12. A method for monitoring tumor progression in a patient, comprising identifying one or more novel tumor markers that are specific for said tumor of the patient as a structural variant (SV) in the patient by performing the method of any one of claims 1-9, whereby the SV is characterized by a region of at least 20 nucleotides at either site of the SV’s associated chromosomal breakpoint, providing a first biopsy from the patient, analyzing the first biopsy for presence and/or abundance of the SV, providing a second biopsy from the patient, whereby the provision of the second biopsy is separated in time or location from the provision of the first biopsy, analyzing the second biopsy for presence and/or abundance of the SV, and recording and comparing presence and/or abundance of the SV in the two biopsies.

13. The method of claim 12, wherein the biopsy is a liquid biopsy, preferably a blood sample.

14. The method of claim 12 or claim 13, wherein the patient is treated by therapy between the first and second biopsy.

15. The method of claim 14, whereby the therapy is selected from surgery, chemotherapy, radiation therapy, targeted therapy, immunotherapy, stem cell or bone marrow transplant, hormone therapy, or a combination thereof.
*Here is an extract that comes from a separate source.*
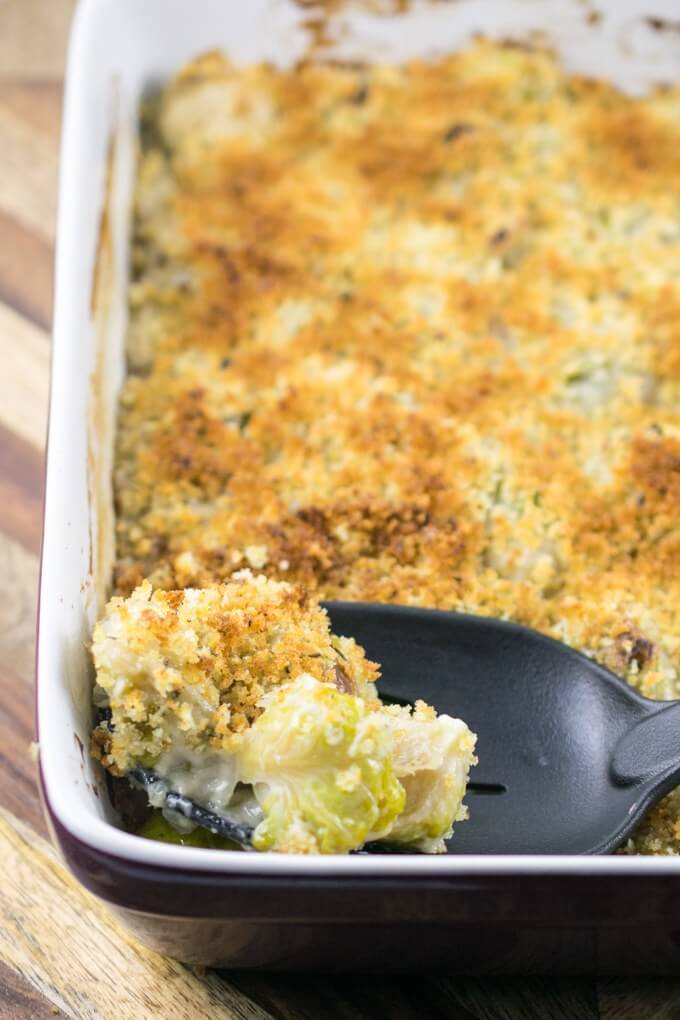 A breadcrumb-topped vegan Brussels sprout casserole with a spoon scooping out a portion
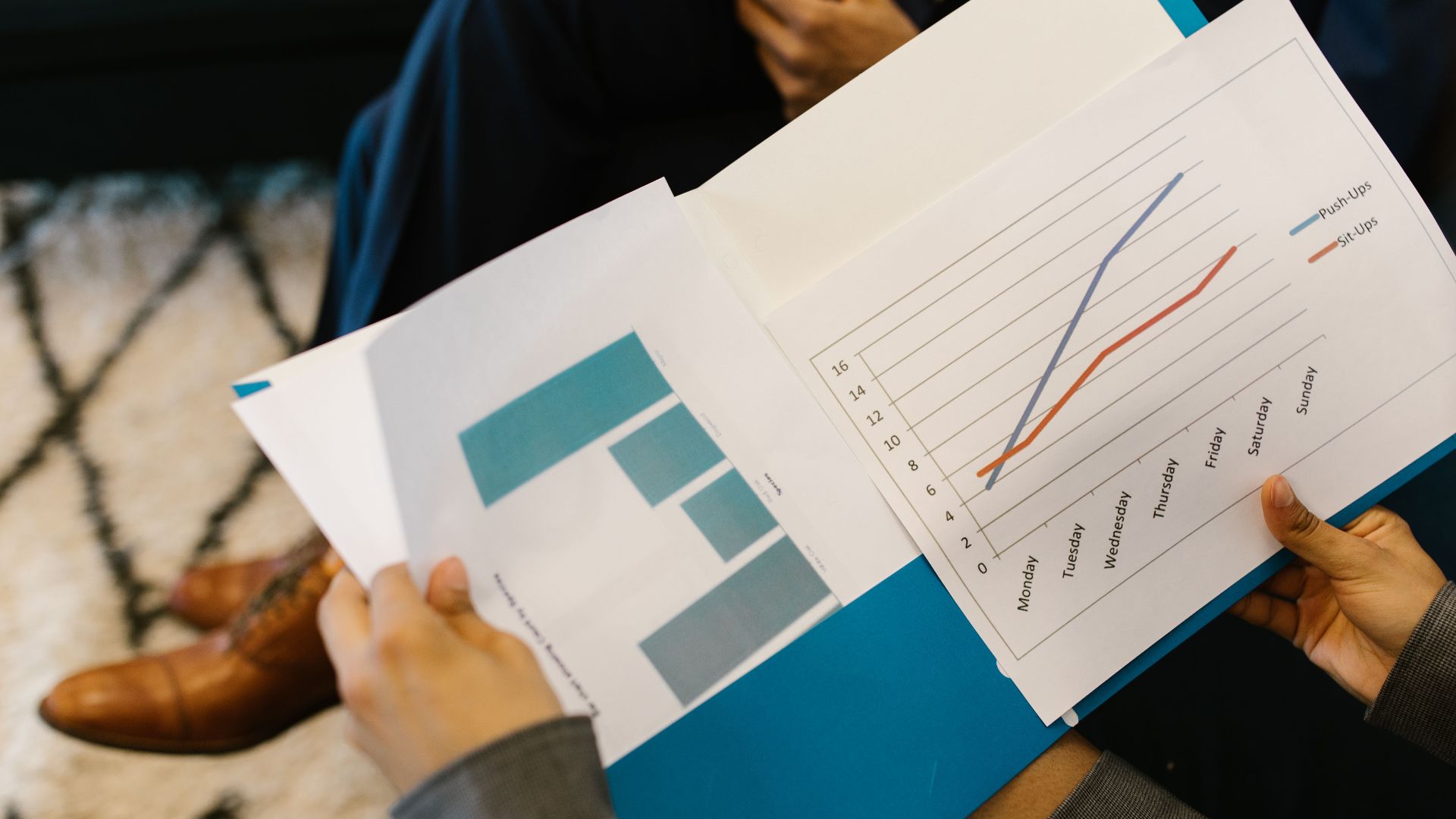 Detailed view of business reports with graphs during a corporate meeting.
16. Immunotherapy, including an immune checkpoint inhibitor such a PD1/PDL1 inhibitor and/or a CTLA-4 inhibitor, for use in a method of treating of a cancer patient with a structural variant (SV) in at least one of WWOX, GMDS, FHIT and PIBF1.

17. Capecitabine and oxaliplatin, optionally combined with a vascular endothelial growth factor inhibitor such as bevacizumab, ziv-aflibercept, or ramucirumab, an epidermal growth factor receptor inhibitor such as cetuximab or panitumumab, irinotecan, trifluridine and tipiracil, or a combination thereof, for use in a method of treating a cancer patient with a SV in MACROD2, especially an SV that affects exon sequences of MACROD2.